---------- Records supplied ----------
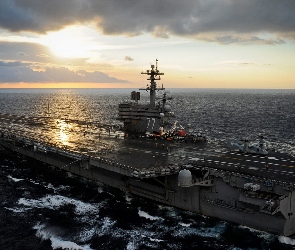 USS George H. W. Bush, Zachód Słońca, Lotniskowiec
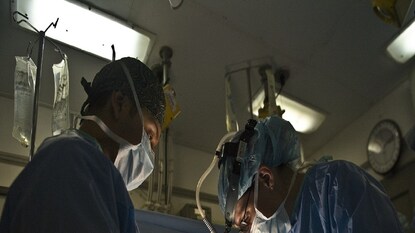 এনআরএস চিকিৎসকরা করলেন মিরাকেল এনআরএস চিকিৎসকরা করলেন মিরাকেল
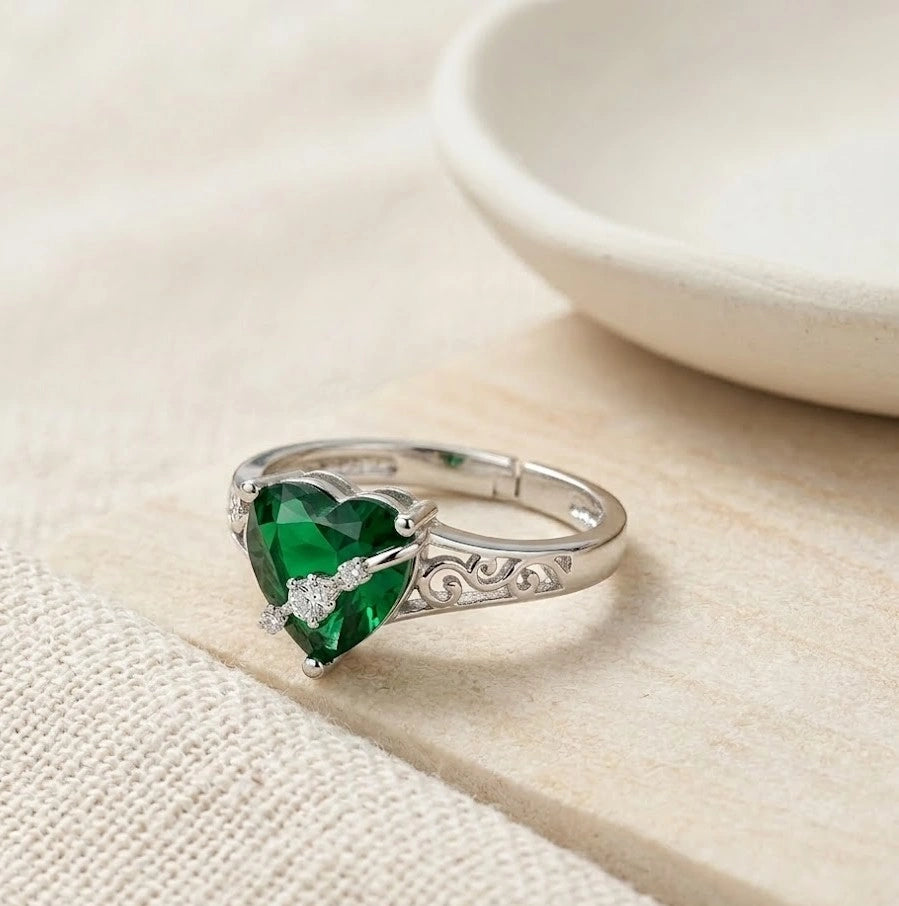 Emerald Green Heart Statement Ring | High-Quality Fashion Jewelry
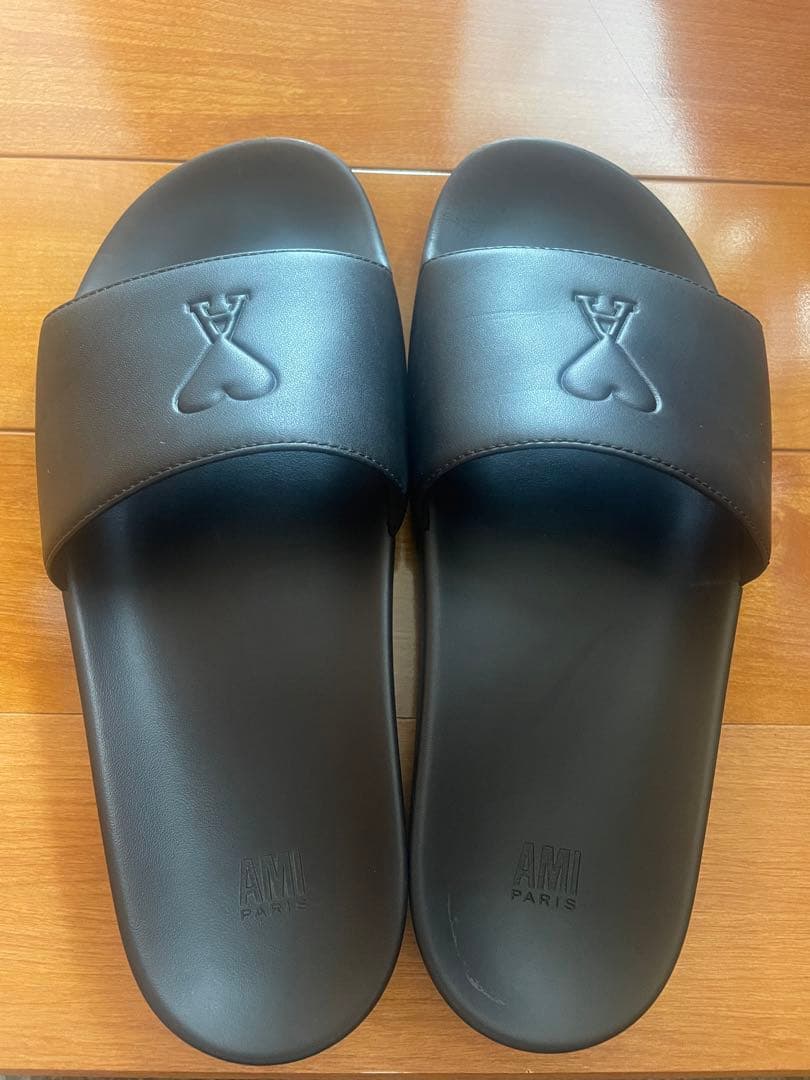 AMI PARIS ブラック スライドサンダル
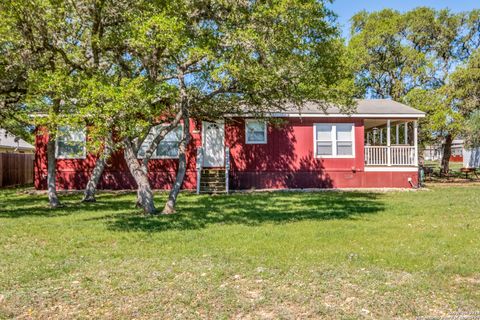 A home in Bandera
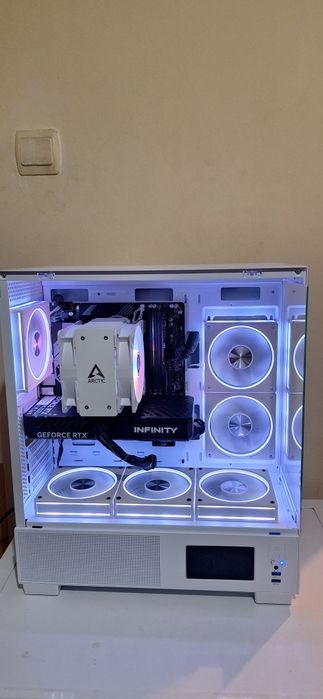 R 7 9800x3d/Rtx 5060 Palit infinite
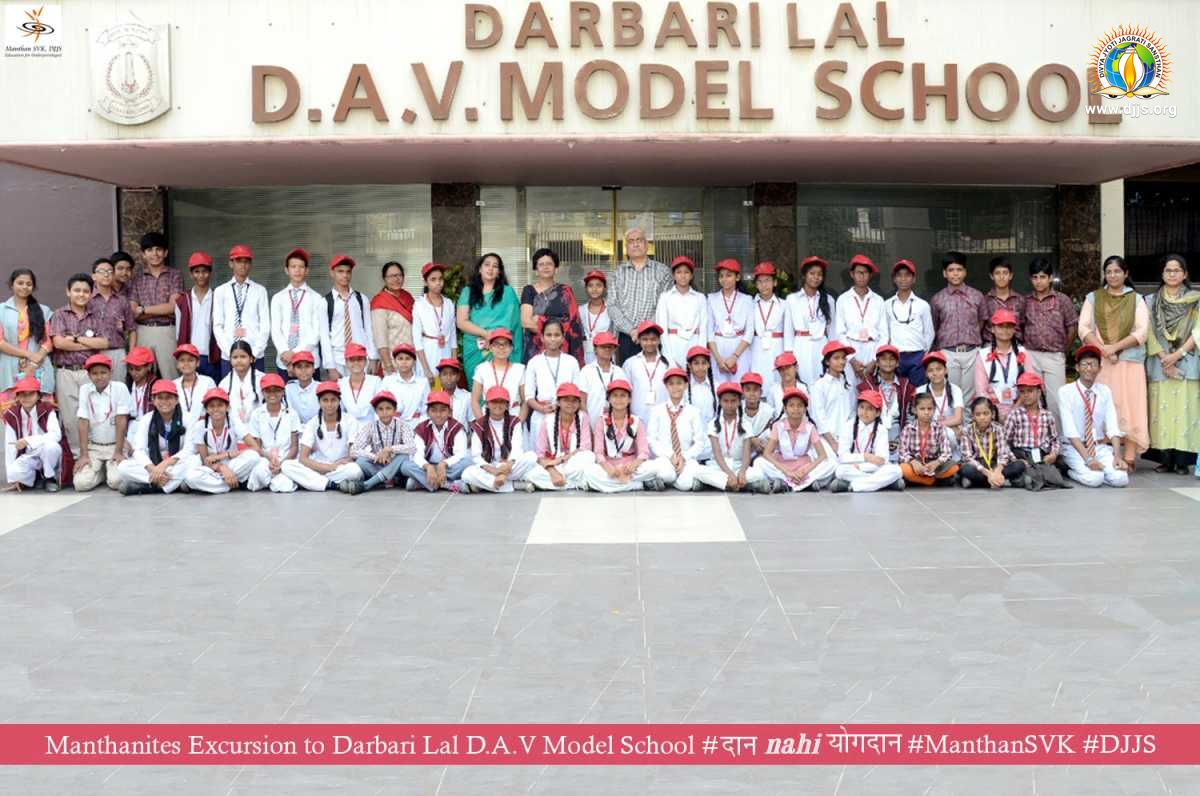 Manthanites visit to D.L.D.A.V to create innovation by following Gandhi’s principle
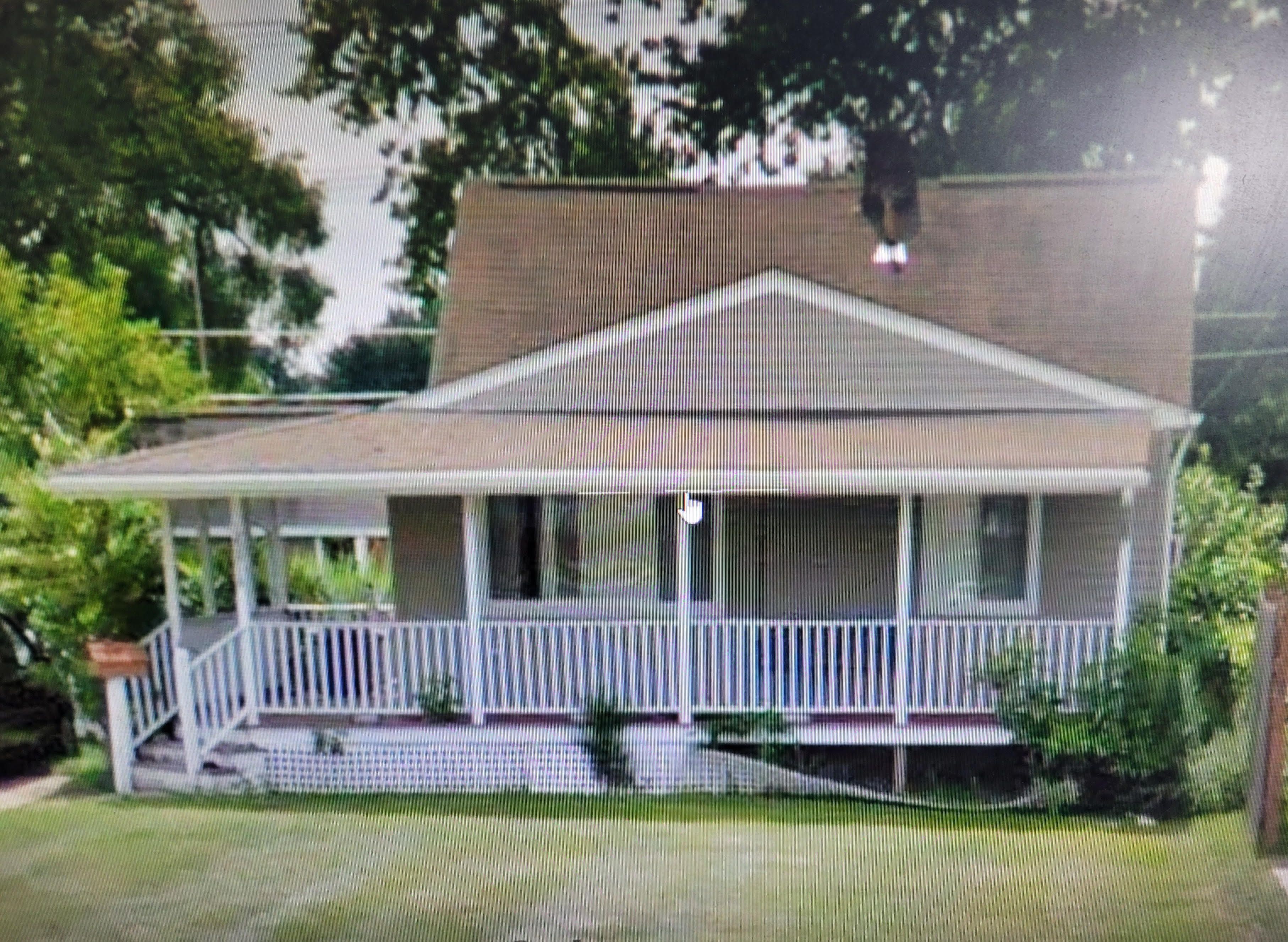 Hoffman St, Saint Clair Shores, MI 48082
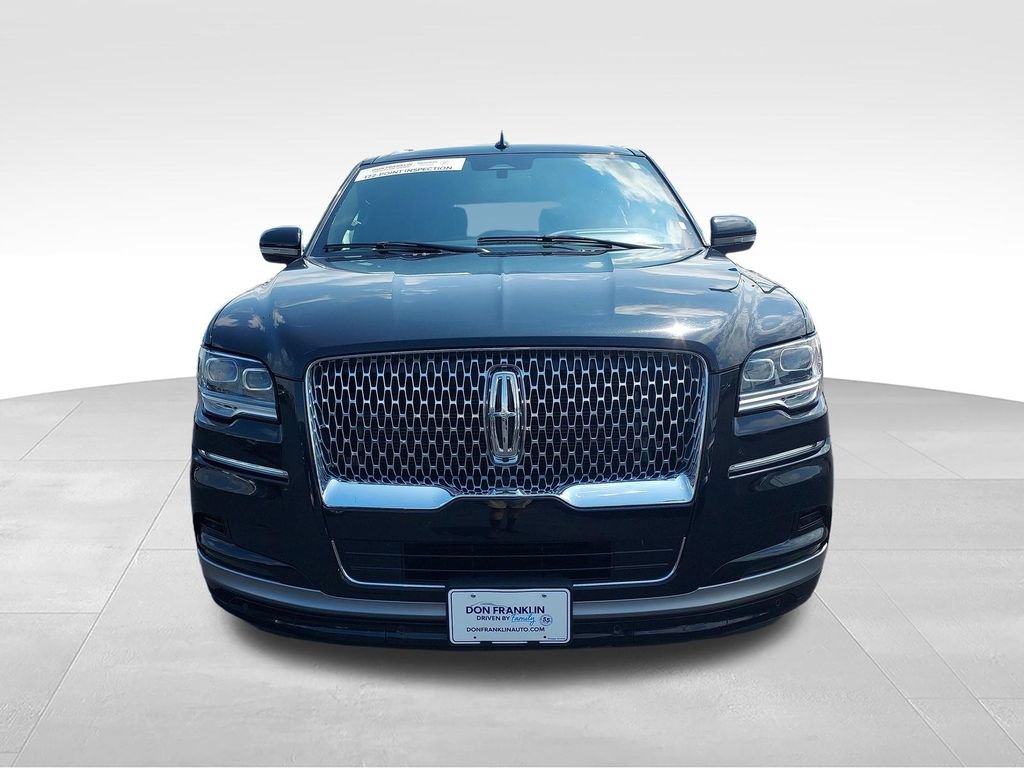 Used 2024 Lincoln Navigator Reserve AWD/4WD image 8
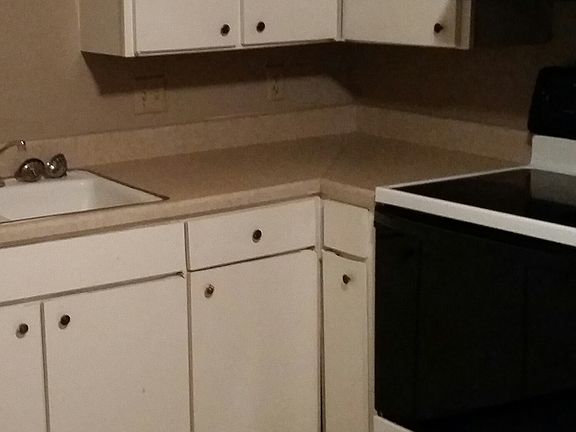 4th image of 501 N Main St APT 2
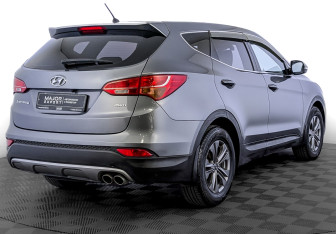 Подержанный автомобиль Hyundai Santa Fe 2014 года (5 фото)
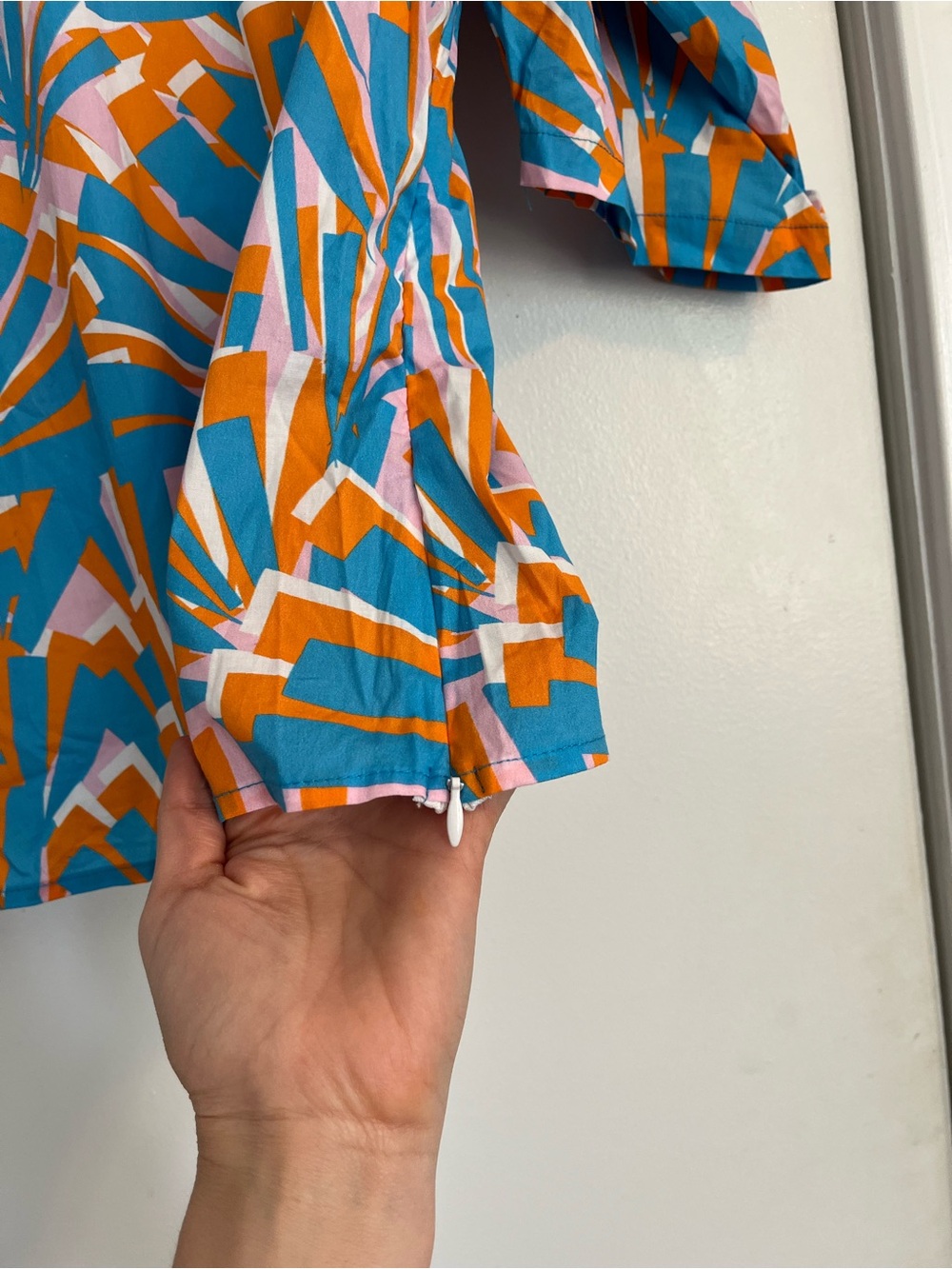 Vibrant Teal Blue Pink Orange Geometric Flutter-Sleeve Blouse top medium NWT - Picture 3 of 7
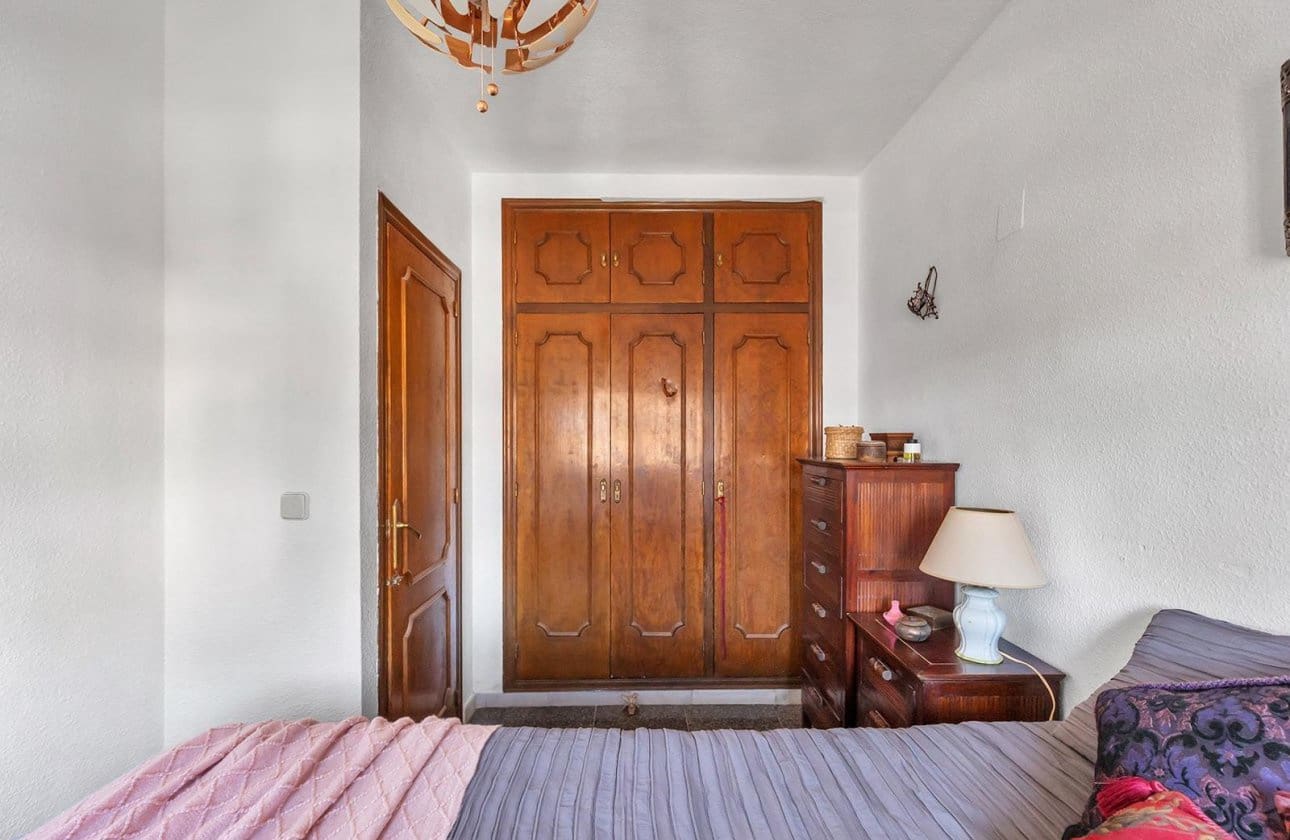 2 bedroom Townhouse for sale in Torrevieja with garage - € 240,000 (Ref: 10142658)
----------
◆ Exercise directions
Every entry above is to be set down exactly; the pictures are to be left out.

◆ Response below
 USS George H. W. Bush, Zachód Słońca, Lotniskowiec
 এনআরএস চিকিৎসকরা করলেন মিরাকেল এনআরএস চিকিৎসকরা করলেন মিরাকেল
 Emerald Green Heart Statement Ring | High-Quality Fashion Jewelry
 AMI PARIS ブラック スライドサンダル
 A home in Bandera
 R 7 9800x3d/Rtx 5060 Palit infinite
 Manthanites visit to D.L.D.A.V to create innovation by following Gandhi’s principle
 Hoffman St, Saint Clair Shores, MI 48082
 Used 2024 Lincoln Navigator Reserve AWD/4WD image 8
 4th image of 501 N Main St APT 2
 Подержанный автомобиль Hyundai Santa Fe 2014 года (5 фото)
 Vibrant Teal Blue Pink Orange Geometric Flutter-Sleeve Blouse top medium NWT - Picture 3 of 7
 2 bedroom Townhouse for sale in Torrevieja with garage - € 240,000 (Ref: 10142658)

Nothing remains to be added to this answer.